[Input data Boundary: Start]
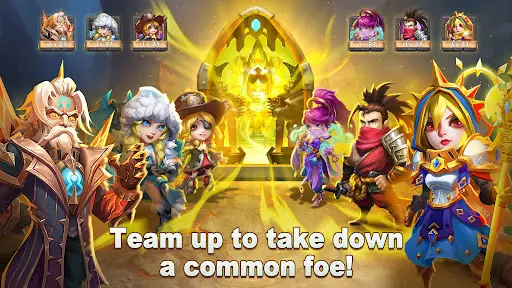 Castle Clash: World Ruler_7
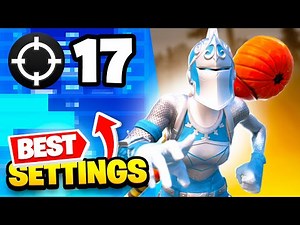 The BEST Fortnite Double Movement Settings! 🤯 (17 KILL WIN)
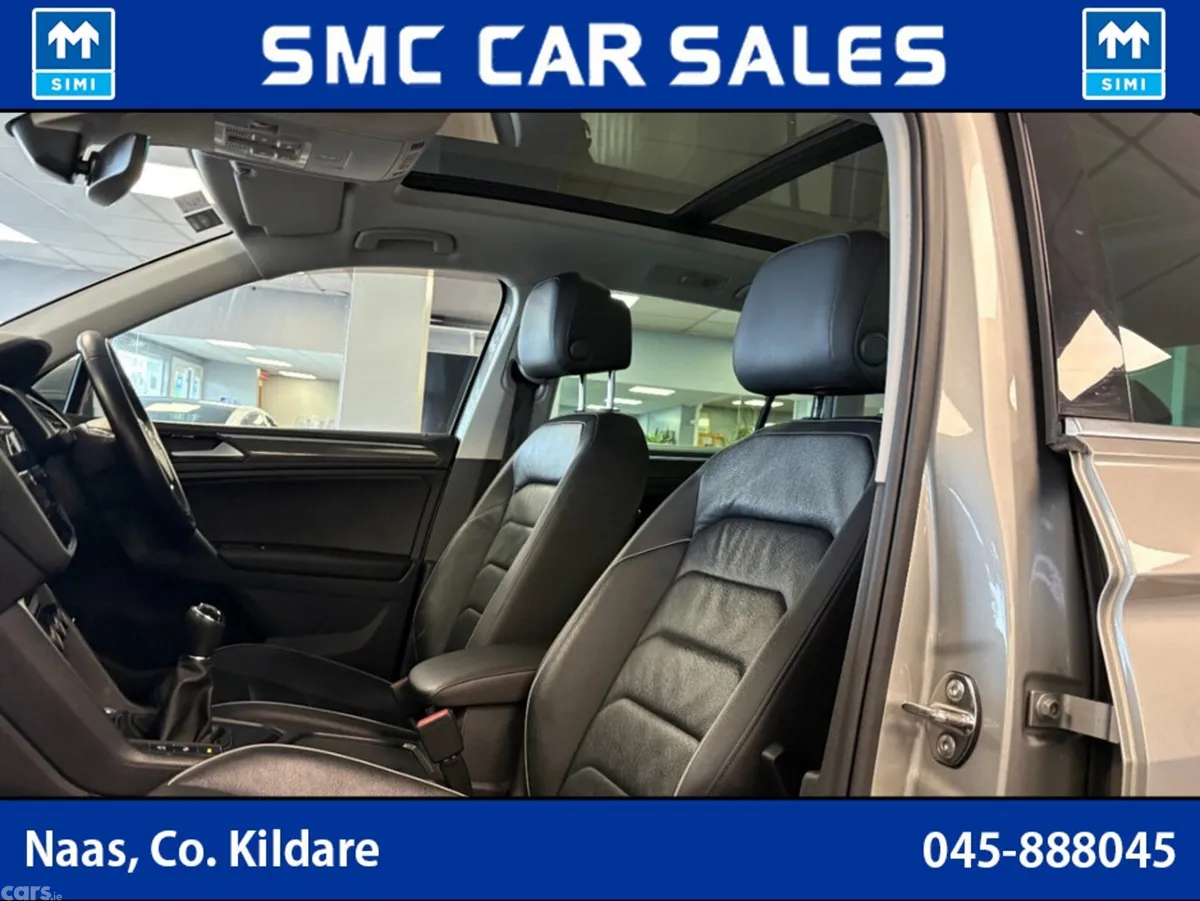 Volkswagen Tiguan SUV, Diesel, 2020, Grey
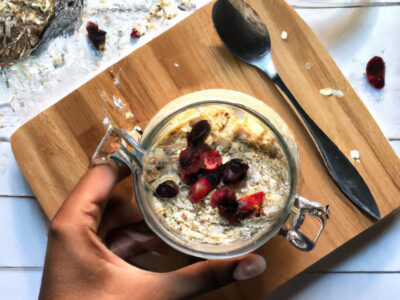 Rise and Shine with these Delicious and Easy Overnight Oats Recipes!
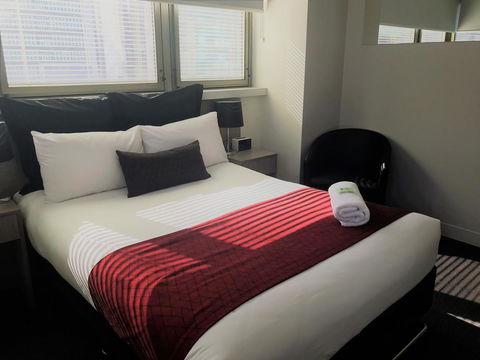 George Williams Hotel - Accommodation Gold Coast 12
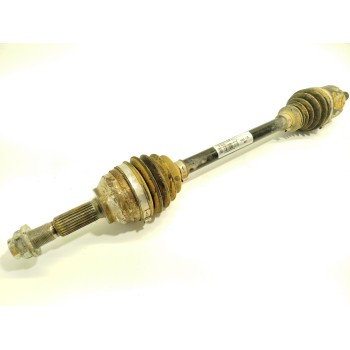 Recambio de transmision delantera izquierda para mg zs suv (azs1) 1.5 vti referencia OEM IAM 10233396  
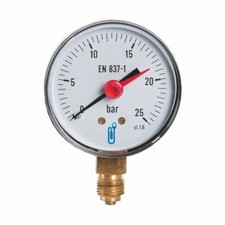 Accessoire fioul manomètre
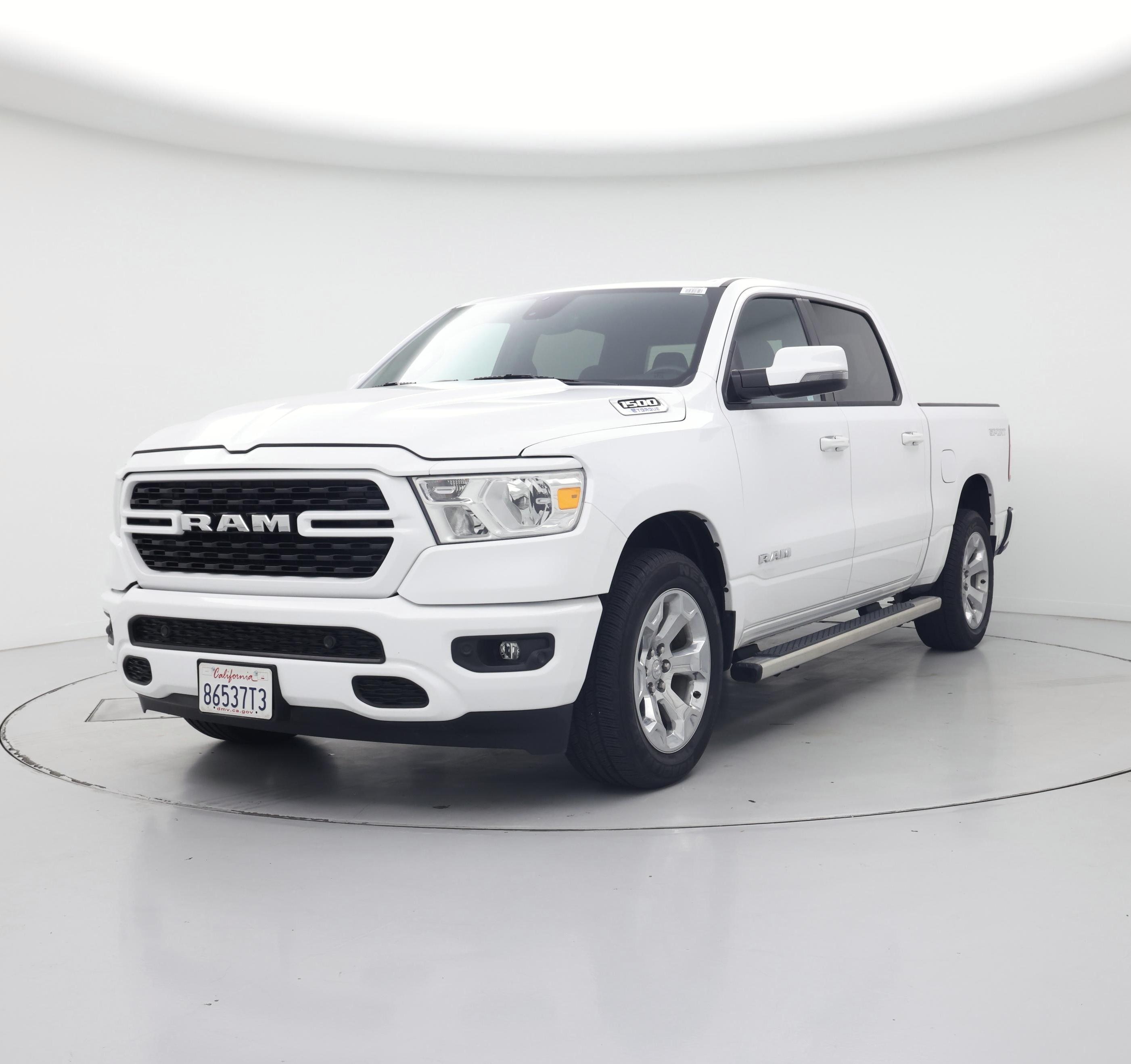 Thumbnail: 2023 RAM 1500 - 4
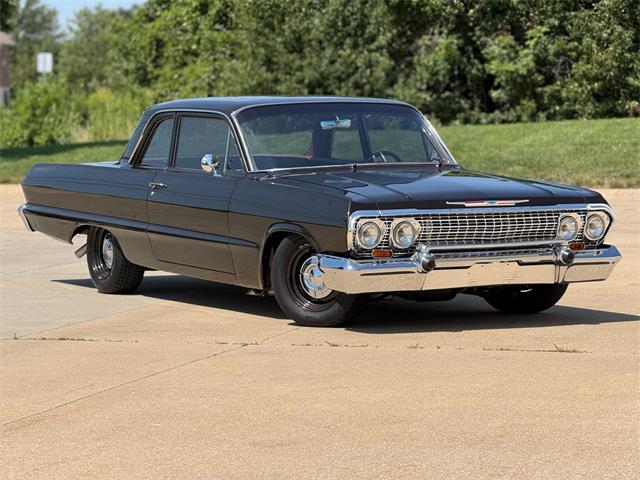 1963 Chevrolet Biscayne (CC-2098159) for sale in Lenexa, Kansas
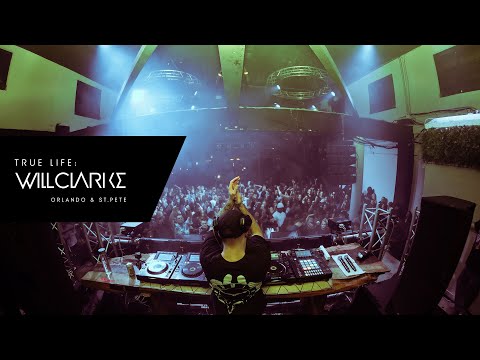 True Life: Will Clarke in Orlando & St Pete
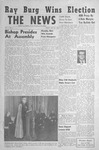 The News 1962 volume 1 number 2 by Associated Students, University of San Diego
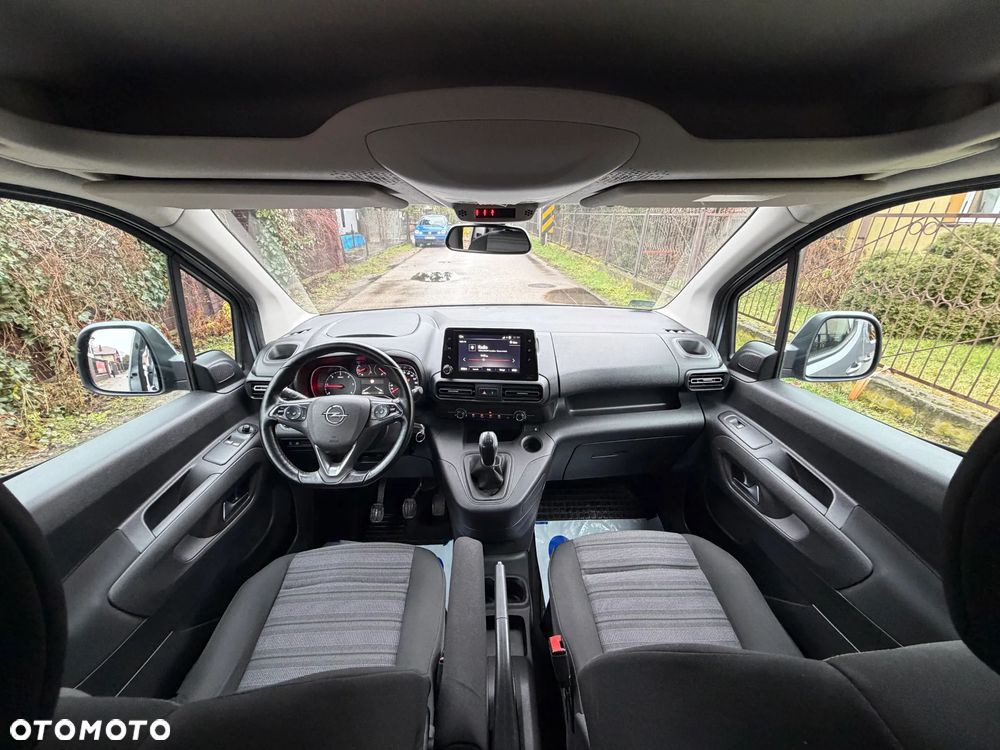 Opel Combo XL 1.5 CDTI Enjoy S&S - 7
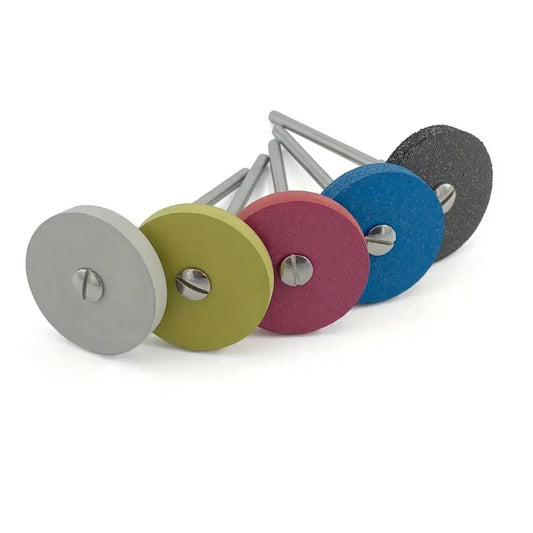 Jeweltech T-Shaped Diamond Polishing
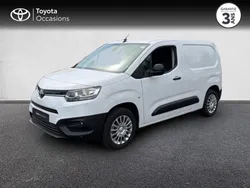 Toyota PROACE CITY Medium 110 VVT-i Dynamic MC23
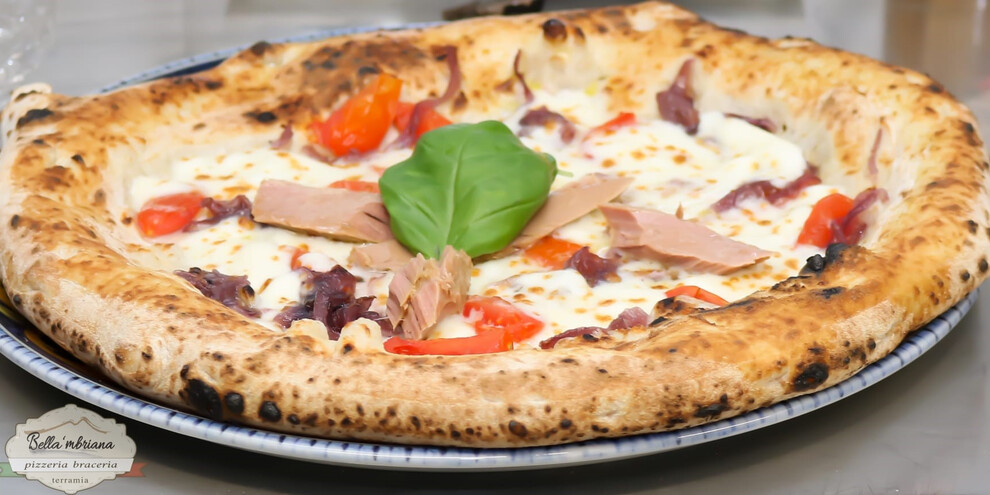 Bella ‘mbriana – vynikající pizzerie 2024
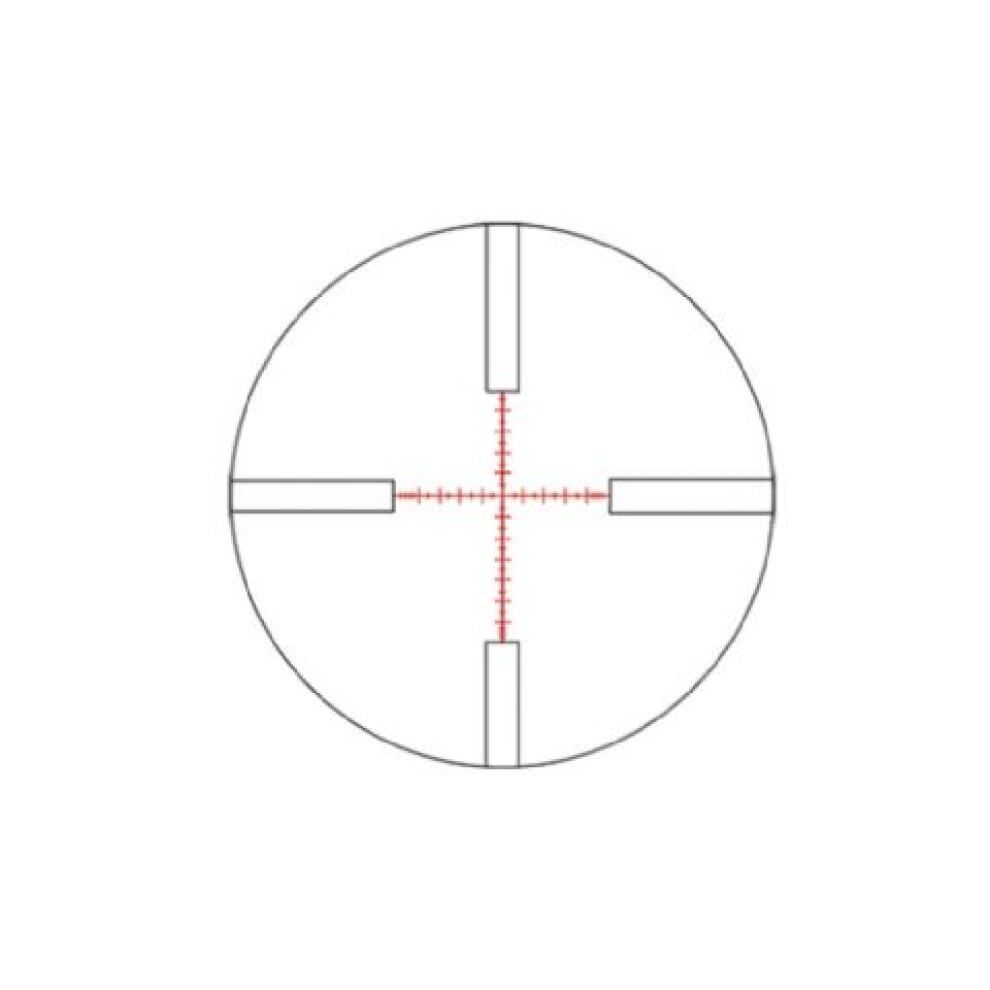 Konus Rifle Scope Konuspro-M30 12,5-50x56 With Illuminated Reticle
[Input data Boundary: End]
Task instructions: Repeat exactly the lines from the one holding "Rise and Shine" through the last line of the entries, both included; the pictures do not belong in the copy.

Answer below:
 Rise and Shine with these Delicious and Easy Overnight Oats Recipes!
 George Williams Hotel - Accommodation Gold Coast 12
 Recambio de transmision delantera izquierda para mg zs suv (azs1) 1.5 vti referencia OEM IAM 10233396  
 Accessoire fioul manomètre
 Thumbnail: 2023 RAM 1500 - 4
 1963 Chevrolet Biscayne (CC-2098159) for sale in Lenexa, Kansas
 True Life: Will Clarke in Orlando & St Pete
 The News 1962 volume 1 number 2 by Associated Students, University of San Diego
 Opel Combo XL 1.5 CDTI Enjoy S&S - 7
 Jeweltech T-Shaped Diamond Polishing
 Toyota PROACE CITY Medium 110 VVT-i Dynamic MC23
 Bella ‘mbriana – vynikající pizzerie 2024
 Konus Rifle Scope Konuspro-M30 12,5-50x56 With Illuminated Reticle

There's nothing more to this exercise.